Then, over the next 500 miles, I probably had the equivalent of a beer every 100 miles or so. It wasn’t like I was pacing myself out to that or anything of the like. I was just allowing myself to have a drink when it became available, be it at trail magic or when I was at a bar and wanting a beer.

But it never did me any good. Although I enjoyed a drink or two as much as anyone does, it was impossible to ignore how terrible I was sleeping and performing in the days after even a single beer. And so I made the decision once again, to cut it the fuck out.

It was while I was in Rutland, Vermont for the second time. I was with my friend Geoff from New York, it was the day that I’d finished the Long Trail and the day before my anniversary with my ex-fiance.

I had two beers.

I slept terrible.

I felt like garbage the next day.

And that was the last time I drank.

The first day of my not drinking was July 25th.

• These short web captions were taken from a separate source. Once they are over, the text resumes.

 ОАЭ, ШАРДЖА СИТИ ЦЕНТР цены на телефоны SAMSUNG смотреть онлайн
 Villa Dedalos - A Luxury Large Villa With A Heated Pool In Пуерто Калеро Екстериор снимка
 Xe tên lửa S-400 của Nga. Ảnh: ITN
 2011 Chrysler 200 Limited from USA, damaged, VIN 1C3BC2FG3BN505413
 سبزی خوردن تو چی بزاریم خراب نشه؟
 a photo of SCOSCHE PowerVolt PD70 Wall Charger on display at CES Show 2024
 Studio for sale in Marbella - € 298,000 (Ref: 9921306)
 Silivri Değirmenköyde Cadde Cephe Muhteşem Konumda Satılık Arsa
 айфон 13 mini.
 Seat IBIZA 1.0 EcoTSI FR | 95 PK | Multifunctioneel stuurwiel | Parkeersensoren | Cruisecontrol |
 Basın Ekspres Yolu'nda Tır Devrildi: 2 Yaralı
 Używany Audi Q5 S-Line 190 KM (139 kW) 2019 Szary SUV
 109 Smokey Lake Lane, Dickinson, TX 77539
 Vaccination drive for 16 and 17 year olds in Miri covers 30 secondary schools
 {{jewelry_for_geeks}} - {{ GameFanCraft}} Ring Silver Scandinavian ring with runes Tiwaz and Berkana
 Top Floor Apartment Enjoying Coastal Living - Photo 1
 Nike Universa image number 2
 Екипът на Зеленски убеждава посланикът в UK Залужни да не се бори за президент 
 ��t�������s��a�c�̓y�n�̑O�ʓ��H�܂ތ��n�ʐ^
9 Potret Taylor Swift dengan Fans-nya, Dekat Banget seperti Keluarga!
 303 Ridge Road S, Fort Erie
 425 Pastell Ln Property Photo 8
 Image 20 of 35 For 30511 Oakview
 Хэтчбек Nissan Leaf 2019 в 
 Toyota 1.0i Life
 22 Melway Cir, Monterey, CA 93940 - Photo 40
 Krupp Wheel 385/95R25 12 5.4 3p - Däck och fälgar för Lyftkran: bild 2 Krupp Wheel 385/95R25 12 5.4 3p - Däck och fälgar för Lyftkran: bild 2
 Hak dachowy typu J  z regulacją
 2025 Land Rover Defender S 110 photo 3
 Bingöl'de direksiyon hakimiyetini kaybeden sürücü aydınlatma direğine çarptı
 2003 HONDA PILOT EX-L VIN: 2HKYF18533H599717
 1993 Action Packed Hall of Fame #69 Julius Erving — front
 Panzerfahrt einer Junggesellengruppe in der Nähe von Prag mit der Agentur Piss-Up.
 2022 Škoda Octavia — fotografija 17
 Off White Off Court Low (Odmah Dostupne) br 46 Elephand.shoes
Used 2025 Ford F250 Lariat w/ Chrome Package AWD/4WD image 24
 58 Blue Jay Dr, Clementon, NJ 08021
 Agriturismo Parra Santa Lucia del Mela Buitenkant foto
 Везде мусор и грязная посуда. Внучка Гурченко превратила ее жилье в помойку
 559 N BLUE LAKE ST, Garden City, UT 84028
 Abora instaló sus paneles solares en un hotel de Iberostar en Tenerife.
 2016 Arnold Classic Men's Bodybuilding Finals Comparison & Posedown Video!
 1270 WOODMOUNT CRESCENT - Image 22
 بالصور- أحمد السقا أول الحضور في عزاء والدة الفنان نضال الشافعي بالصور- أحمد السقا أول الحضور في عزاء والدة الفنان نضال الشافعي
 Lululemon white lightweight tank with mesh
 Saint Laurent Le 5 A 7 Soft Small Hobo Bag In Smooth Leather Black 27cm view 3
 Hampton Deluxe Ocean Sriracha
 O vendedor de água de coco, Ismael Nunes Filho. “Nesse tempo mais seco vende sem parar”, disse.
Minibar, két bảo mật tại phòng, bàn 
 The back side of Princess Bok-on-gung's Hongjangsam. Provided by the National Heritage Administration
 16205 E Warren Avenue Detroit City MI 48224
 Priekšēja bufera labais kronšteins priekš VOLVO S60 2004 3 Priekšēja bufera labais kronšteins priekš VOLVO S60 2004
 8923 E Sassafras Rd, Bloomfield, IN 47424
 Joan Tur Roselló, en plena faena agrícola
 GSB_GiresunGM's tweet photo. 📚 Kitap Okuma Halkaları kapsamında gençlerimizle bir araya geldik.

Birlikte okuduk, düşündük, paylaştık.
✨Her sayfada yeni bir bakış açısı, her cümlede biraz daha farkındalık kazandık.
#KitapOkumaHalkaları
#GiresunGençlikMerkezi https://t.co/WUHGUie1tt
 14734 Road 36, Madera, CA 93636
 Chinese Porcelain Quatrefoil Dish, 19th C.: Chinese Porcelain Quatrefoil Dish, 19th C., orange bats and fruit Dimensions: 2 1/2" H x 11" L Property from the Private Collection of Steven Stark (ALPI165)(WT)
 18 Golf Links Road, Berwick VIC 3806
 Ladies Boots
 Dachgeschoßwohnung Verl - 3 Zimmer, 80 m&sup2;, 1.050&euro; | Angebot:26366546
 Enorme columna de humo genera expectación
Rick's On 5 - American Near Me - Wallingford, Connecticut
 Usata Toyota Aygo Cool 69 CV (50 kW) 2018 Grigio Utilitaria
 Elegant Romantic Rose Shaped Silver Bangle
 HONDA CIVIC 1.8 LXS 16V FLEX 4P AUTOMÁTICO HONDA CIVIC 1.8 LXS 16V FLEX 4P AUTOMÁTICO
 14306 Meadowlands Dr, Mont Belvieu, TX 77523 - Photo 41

Two years after the day we were supposed to get married. I didn’t intend it that way, but that’s how it fell.

Later on I’ve reflected that it feels like an opportunity, if I wanted to call myself done with drinking for good, an opportunity to rebrand July 25th not as the day that I didn’t get married, but the day that I became sober.

It’s high minded, but it’s food for thought. And lest we forget, “sober” is a relative term. We are made of “drugs.” But I digress…

I’ve hiked another five or six miles from the Stirling Inn after the owner, Sue, drove me back to trail. Met a guy there who I crossed paths with on the Colorado Trail in 2018 although we had not met personally. We knew a bunch of the same people from the trail though. Thru hiking is a small world sometimes.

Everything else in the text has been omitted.